Owyhee Avalanche, Silver City, Idaho, February 13, 1869, page 2


BOONE'S GRANDCHILD DIES
Mrs. E. T'Vault Kenney, 79, Passes Away at Jacksonville.
    Mrs. Elizabeth T'Vault Kenney, a well-known pioneer of 1845, died at her home in Jacksonville yesterday morning.
    Mrs. Kenney was the daughter of Colonel William Green T'Vault and Mrs. Rhoda Boone Burns T'Vault and was born in Warrick County, Indiana, in 1833. She was of Scotch, Irish and French ancestry and was a great-granddaughter of Daniel Boone and directly descended from the Robert Burns family of Scotland. Her father was editor of the first newspaper west of the Rocky Mountains, the Spectator, first issued at Oregon City, February 5, 1846. Later he was prominent as a legislator and lawyer and in 1855 he was editor of the Table Rock Sentinel, the first newspaper in Rogue River Valley.
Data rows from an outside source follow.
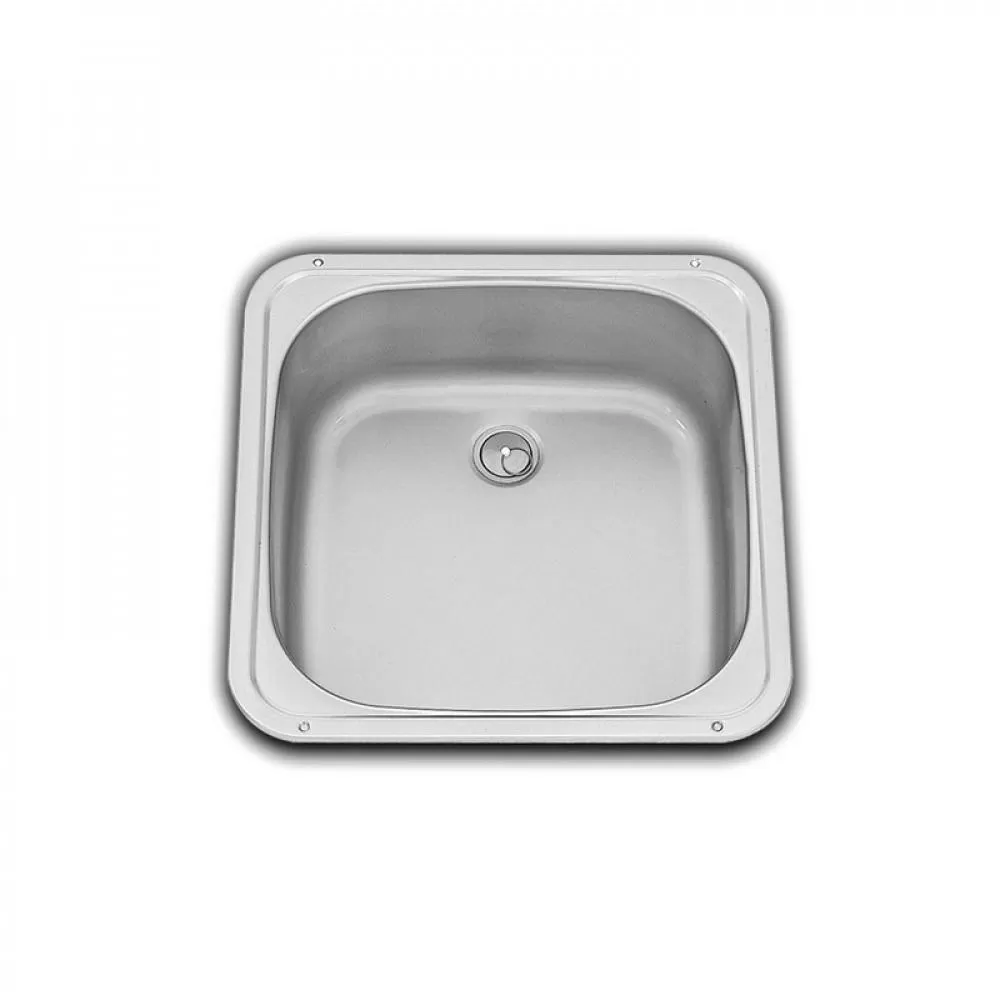 Seno Dometic Va910 Seno Dometic Va910 - Imagen 3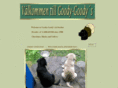goodygoodys.com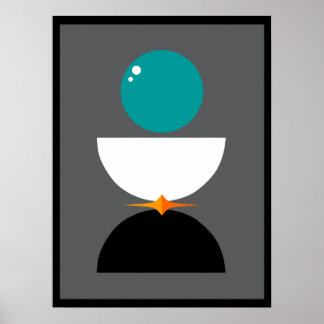 Body Poster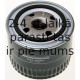 Eļļas filtrs DENCKERMANN A210683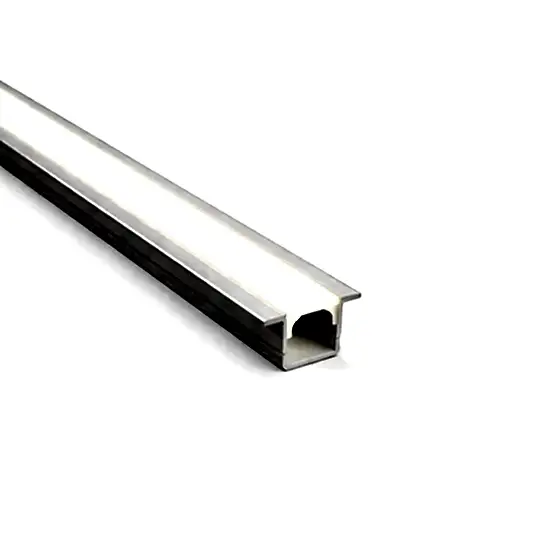50.502 - Led Profil Aydınlatma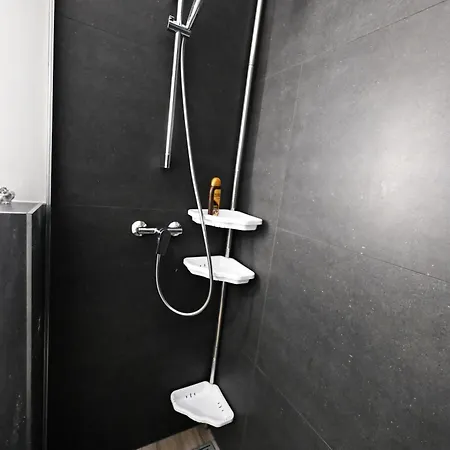 Ana Apartamento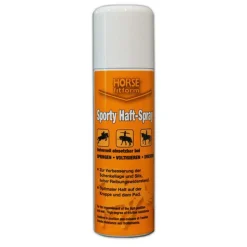 ERS Pharmaka Sporty Sit-Tite Spray
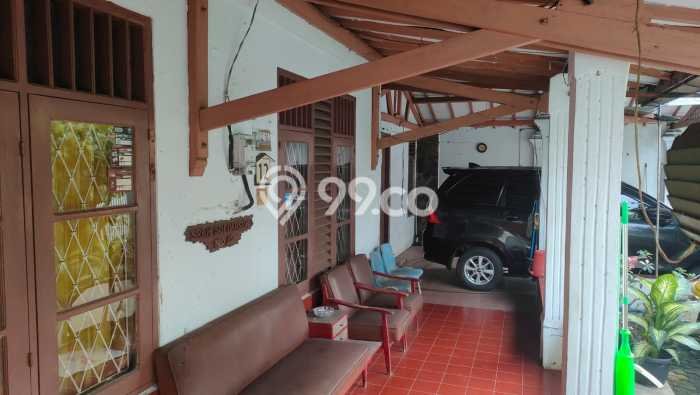 Dijual Tanah Area Berkembang Kawasan , Luas 132m2m², Akses Jakarta Barat, Jakarta Barat Dijual Tanah Area Berkembang Kawasan , Luas 132m2m², Akses Jakarta Barat, Jakarta Barat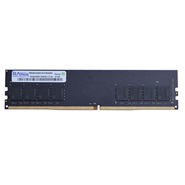 RAmos 16GB 3200MHz CL22 DDR4 Desktop Ram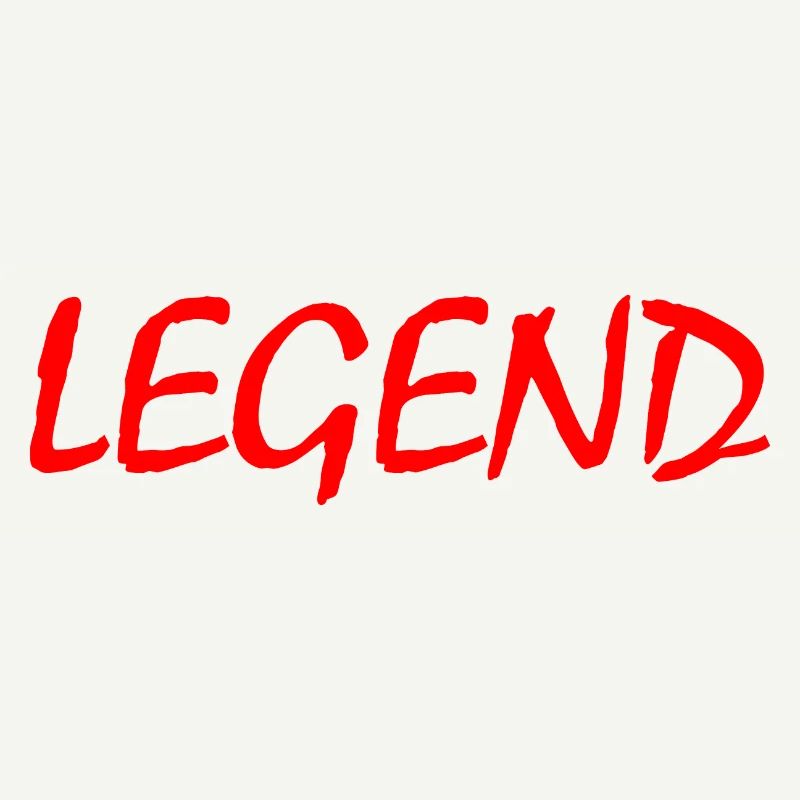 Legend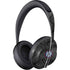 NBA Los Angeles Clippers Black Rust Bose Noise Cancelling Headphones 700 Skin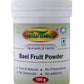 Naturmed's Bael Fruit powder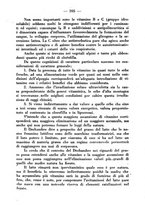 giornale/CFI0344453/1939/unico/00000255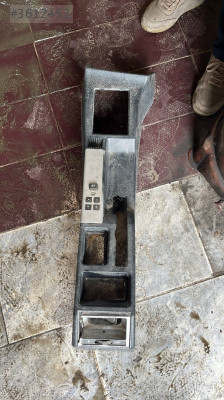Fiat tempra cam dugmesi 4lu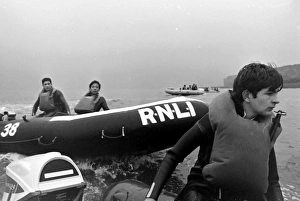 Atlantic College, St Donats, Llantwit Major, South Wales Atlantic College, St Donats, Llantwit Major, South Wales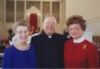 Dorothy J Shields photos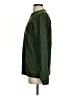 Assorted Brands Green Sweatshirt Size S - photo 5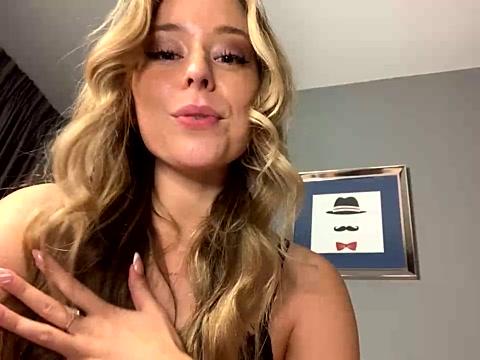 SassshaJade
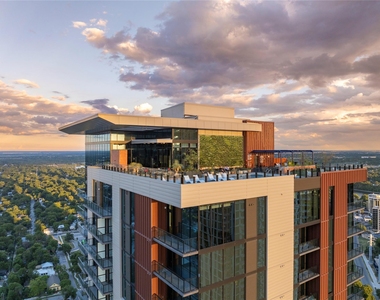 84 East Ave - Photo Thumbnail 23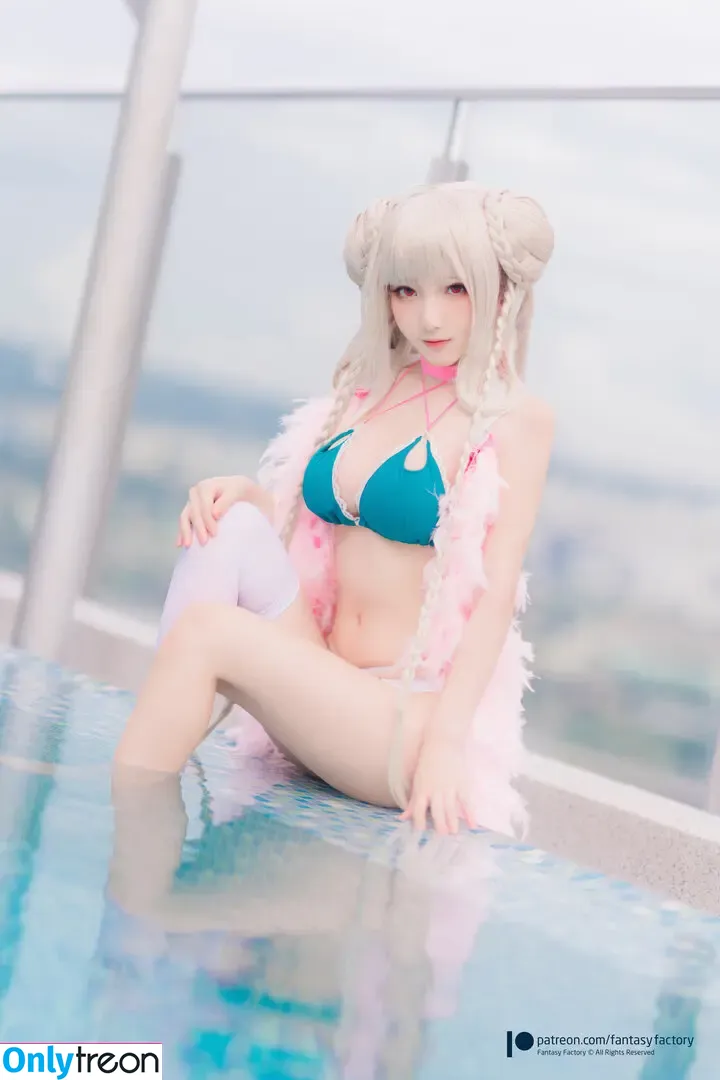 Fantasy Factory nude photo #0600 (fantasyfactory / fantasyfactoryas / komachi)
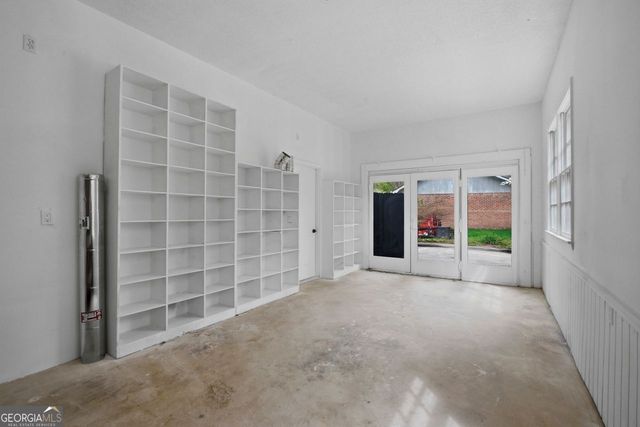 1704 Sterling Trail SW, Marietta, GA 30008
    In 1852 the T'Vault family removed from Oregon City to Jackson County, and as a young girl Mrs. Kenney was the first postmistress there, the post office being known as The Dardanelles, and was situated on Rogue River, not far from Gold Hill of today. In 1855 she was married to Daniel M. Kenney, a native of Louisiana, a lawyer and a pioneer of 1849. He died February 18, 1860, leaving his young wife with two little boys to rear. Her father died in 1869 and her mother not long afterwards.
    Mrs. Kenney was a member of the Oregon Pioneer Association and also of the Pioneer Association of Southern  Oregon. Her two sons survive.